A Wheels Boutique, uma loja automotiva de reposição com sede na Flórida, entrou com uma moção para rejeitar a reclamação cruzada de Thomas, alegando que um tribunal da Califórnia não tem jurisdição sobre a empresa. A Wheels Boutique não possui escritórios, garagens, funcionários ou agentes na Califórnia e não solicita ou anuncia aqui no seu ritmo.
A oficina recebeu o SUV de Thomas em fevereiro de 2023, segundo os documentos, e instalou carroceria, instalação de rodas e um “elo de descida” que abaixa o veículo até o solo. Thomas pagou cerca de US$ 90 mil pelo trabalho e ele foi enviado a granel. De acordo com Kelly Blue Book, o Rolls-Royce Cullinan 2023 que ele dirigia quando atingiu Pansano e Thammala tinha um valor de varejo sugerido de US$ 285.000 a US$ 600.000, dependendo de sua condição e equipamento.
A juíza do Tribunal Superior Cynthia P. Smith decidirá sobre a moção da Wheel’s Boutique em 6 de fevereiro
Nem a Holman Motorcars nem a Rolls-Royce de Los Gatos apresentaram uma resposta à denúncia cruzada até 15 de janeiro. As tentativas de entrar em contato com os representantes de cada empresa não tiveram sucesso.
No mesmo dia, Thomas processou a Rolls-Royce e outros, ele entrou com um pedido de indenização punitiva em Napa no caso Thammala-Pansanok.
Um memorando de apoio de Thomas para essa moção acusou os dois amigos e seus companheiros de “pegar um assunto claramente triste e infeliz e pervertê-lo para reivindicar danos punitivos”. Referiu-se a partes da sua queixa civil como “linguagem inflamatória sem substância”.
Os advogados de Thomas referiram-se a vários depoimentos de testemunhas como “boatos”, incluindo observações de que o motorista estava “zangado” e “descascado” e “queimava borracha” depois de “ligar o motor”. Eles observam que Thomas disse aos policiais de Napa que seu Rolls-Royce estava fora de controle, conforme reconhecido no relatório do acidente.
“As próprias alegações dos demandantes alegam que um veículo dirigido por um senhor idoso que de alguma forma acelerou e se envolveu em um acidente”, afirma o memorando de apoio de Thomas.
O advogado que o representa, Andrew K. de Pleasanton. Murphy não quis comentar. Os advogados dos demandantes da Habbas Law não responderam aos pedidos de entrevista.
Para ganhar indenizações punitivas, argumenta a equipe de Thomas, os demandantes devem demonstrar que ele agiu com malícia, opressão ou engano. Eles dizem que o processo não fornece informações suficientes para apoiar essas alegações.
“Na melhor das hipóteses, a alegada conduta do Sr. Thomas poderia ser descrita como descuidada ou mesmo imprudente, mas não há nada que sugira que reflectisse uma intenção maligna de prejudicar as pessoas”, de acordo com o memorando de apoio.
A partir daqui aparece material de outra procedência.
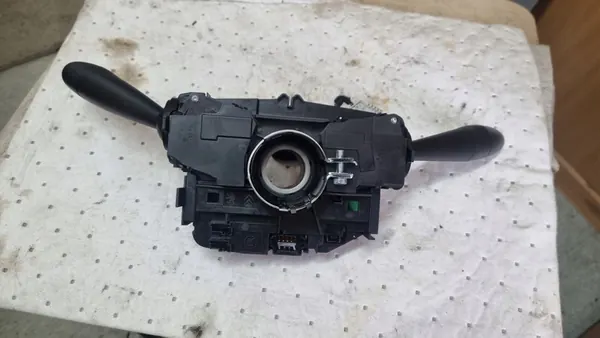 Gecombineerde schakelaar CITROEN C4 II B7 96759258XT image 9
Ao se oporem à moção em 16 de dezembro, os advogados das mulheres argumentaram que os danos punitivos não exigem intenção de ferir.
O processo deles “alegou muito mais do que apenas a moção”, disse a resposta do tribunal. Thomas “violou conscientemente várias leis de trânsito, entrou em uma faixa de pedestres marcada ocupada por pedestres, desconsiderou os avisos e dirigiu apesar das obstruções conhecidas. Toda conduta que um júri razoável poderia considerar desprezível e conduzida com negligência consciente”.
O retardo conhecido provavelmente indica degeneração macular, uma doença ocular
Smith, o juiz presidente, apoiou os demandantes na audiência de 30 de dezembro, permitindo que as mulheres processassem por danos punitivos. Uma conferência de gerenciamento de caso está marcada para 24 de março.